■ **Work to complete**
Copy the data below exactly.

──────── Input records ────────

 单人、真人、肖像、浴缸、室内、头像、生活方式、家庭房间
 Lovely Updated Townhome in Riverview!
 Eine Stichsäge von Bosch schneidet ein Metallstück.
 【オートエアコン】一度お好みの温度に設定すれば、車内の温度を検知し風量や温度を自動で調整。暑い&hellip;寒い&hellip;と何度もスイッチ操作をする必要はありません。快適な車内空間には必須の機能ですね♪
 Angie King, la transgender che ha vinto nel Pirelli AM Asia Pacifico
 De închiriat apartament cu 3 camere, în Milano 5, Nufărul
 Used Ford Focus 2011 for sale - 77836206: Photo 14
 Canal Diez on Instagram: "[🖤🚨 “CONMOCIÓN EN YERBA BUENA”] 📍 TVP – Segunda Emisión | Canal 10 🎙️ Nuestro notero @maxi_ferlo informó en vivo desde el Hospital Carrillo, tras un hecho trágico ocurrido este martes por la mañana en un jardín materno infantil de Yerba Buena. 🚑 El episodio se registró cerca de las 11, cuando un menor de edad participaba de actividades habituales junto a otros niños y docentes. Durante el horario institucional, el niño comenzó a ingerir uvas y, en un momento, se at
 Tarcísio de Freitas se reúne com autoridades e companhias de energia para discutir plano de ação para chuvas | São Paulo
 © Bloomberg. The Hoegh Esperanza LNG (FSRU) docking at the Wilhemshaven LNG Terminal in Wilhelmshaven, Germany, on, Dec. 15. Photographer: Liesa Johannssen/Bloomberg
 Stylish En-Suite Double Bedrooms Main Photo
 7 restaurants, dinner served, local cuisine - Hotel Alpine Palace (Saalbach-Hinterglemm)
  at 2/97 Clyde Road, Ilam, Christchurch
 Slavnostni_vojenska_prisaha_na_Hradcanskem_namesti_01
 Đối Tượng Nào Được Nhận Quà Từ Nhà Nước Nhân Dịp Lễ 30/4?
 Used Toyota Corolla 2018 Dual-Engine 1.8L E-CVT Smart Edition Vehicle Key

────────

■ **Answer for this exercise**
 单人、真人、肖像、浴缸、室内、头像、生活方式、家庭房间
 Lovely Updated Townhome in Riverview!
 Eine Stichsäge von Bosch schneidet ein Metallstück.
 【オートエアコン】一度お好みの温度に設定すれば、車内の温度を検知し風量や温度を自動で調整。暑い&hellip;寒い&hellip;と何度もスイッチ操作をする必要はありません。快適な車内空間には必須の機能ですね♪
 Angie King, la transgender che ha vinto nel Pirelli AM Asia Pacifico
 De închiriat apartament cu 3 camere, în Milano 5, Nufărul
 Used Ford Focus 2011 for sale - 77836206: Photo 14
 Canal Diez on Instagram: "[🖤🚨 “CONMOCIÓN EN YERBA BUENA”] 📍 TVP – Segunda Emisión | Canal 10 🎙️ Nuestro notero @maxi_ferlo informó en vivo desde el Hospital Carrillo, tras un hecho trágico ocurrido este martes por la mañana en un jardín materno infantil de Yerba Buena. 🚑 El episodio se registró cerca de las 11, cuando un menor de edad participaba de actividades habituales junto a otros niños y docentes. Durante el horario institucional, el niño comenzó a ingerir uvas y, en un momento, se at
 Tarcísio de Freitas se reúne com autoridades e companhias de energia para discutir plano de ação para chuvas | São Paulo
 © Bloomberg. The Hoegh Esperanza LNG (FSRU) docking at the Wilhemshaven LNG Terminal in Wilhelmshaven, Germany, on, Dec. 15. Photographer: Liesa Johannssen/Bloomberg
 Stylish En-Suite Double Bedrooms Main Photo
 7 restaurants, dinner served, local cuisine - Hotel Alpine Palace (Saalbach-Hinterglemm)
  at 2/97 Clyde Road, Ilam, Christchurch
 Slavnostni_vojenska_prisaha_na_Hradcanskem_namesti_01
 Đối Tượng Nào Được Nhận Quà Từ Nhà Nước Nhân Dịp Lễ 30/4?
 Used Toyota Corolla 2018 Dual-Engine 1.8L E-CVT Smart Edition Vehicle Key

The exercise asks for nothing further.